Read how OR is expanding UPPA to insurance claims outside of roofing and restoration here.
Read state laws in IA, GA, MO which state “any person” who acts on behalf of a consumer in regards to an insurance claim is violating UPPA laws here.
How Contractors Will Be Affected
It’s critical for contractors – regardless of trade – to stay compliant with state laws and policies to avoid violating UPPA. Now’s the time to review your sales/marketing processes to ensure your door knockers are NOT inspecting damage or starting claims for customers.
In addition, contractors utilizing third parties like Public Adjusters, to help their customers get accurate claim payment need to be aware of how UPPA violations within those organizations can prevent claims from being paid.
For example, it’s not uncommon for public adjusters and firms to have staff members without actual PA licenses complete damage assessments, review policies and start a claim. While they may have a few licensed PA’s in their organization, the people doing the claim work are not certified. This is considered a direct violation of UPPA laws in most states.
For contractors unknowingly using third parties that violate UPPA put themselves at risk. Insurance companies love to use the UPPA argument to tie up claims in court, and worse, not paying them.
How To Protect Yourself & Roofing Company
Roofing contractors often need help from experts to claims to ensure fair and accurate claim payment. With the recent changes in states like FL, roofing contractors will need to use a PA or property damage attorney on every large loss claim. Third party claim supplement companies are also often used but can create additional challenges. While you may assume that the PA or vendor you’re working with is compliant with state and local laws, it’s better to be safe than sorry and know the following upfront:
- Is the person scoping the loss/assessing damage qualified to do so?

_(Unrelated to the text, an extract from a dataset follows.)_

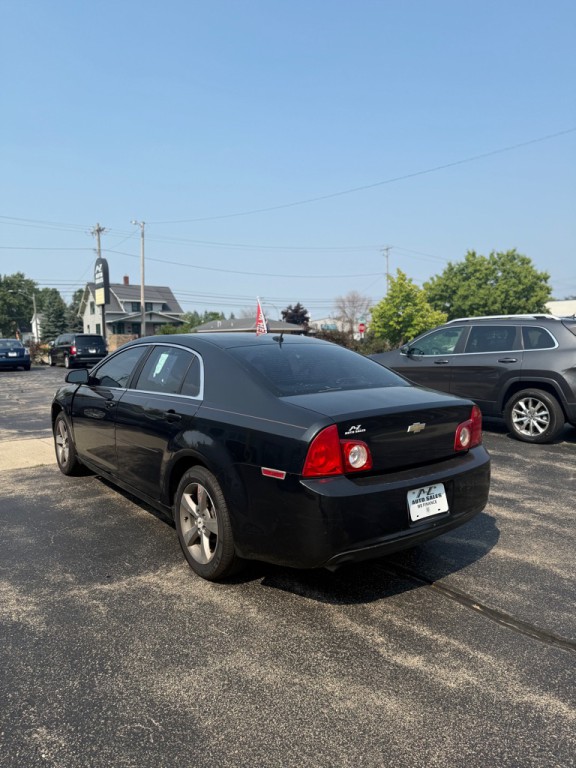 2011 Chevrolet Malibu Image 4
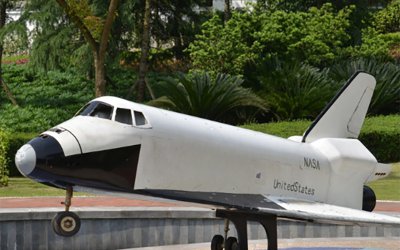 公園游樂場(chǎng)玻璃鋼飛機(jī)模型雕塑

- Is the person documenting/starting a claim qualified to do so?
- Is the person working the claim qualified and licensed to discuss the policy or negotiate the claim for a higher settlement?
It’s critical for contractors – regardless of trade – to stay compliant with state laws and policies. Ensure you have someone on staff keeping an eye out for new laws, litigation, and implement changes ASAP.
C3 Group does not subscribe to provisions that create bad law for consumers -OR- contractors while offering additional ways for carriers to shield themselves from the responsibility of paying claims. The bottom line is that many times, carriers will conflate data to flip the narrative to a ruse of ‘consumer protection’ or fabricate a ‘crises narrative’ in an effort to give them more leverage against the people that they negotiate against.
Also, the definition of UPPA is still very unclear due to bad definitions and inconsistent applications. This attempt to limit the efficacy of AOBs is yet another attempt by the carriers to do one thing: Have more leverage to deny and underpay claims without recourse. Let’s not kid ourselves. This has very little to do with consumer protection and it’s unfair to contractors who are underpaid.
Also, premium rate increases are conspicuously secured by carriers after two of the largest hurricanes in FL history, after a LONG period of no major storms in the Sunshine State. Let’s be realistic about the reasons that rate increases occurred. Just because an AOB is in place and litigation has increased doesn’t mean that removing these protections for contractors will have any real effect on premiums in Florida. Carriers will still underpay and they will still be sued, at the end of the day. It also doesn’t mean that the laws are fair and measured as a way to protect consumers. To that end, this is just another obstacle for contractors that simply want to be paid a fair rate for the work they do after a disaster and one that might be deemed unconstitutional down the road.
But for now, do your best to protect yourselves and use qualified people who are compliant with these new laws, to reduce your overall enterprise risk exposures.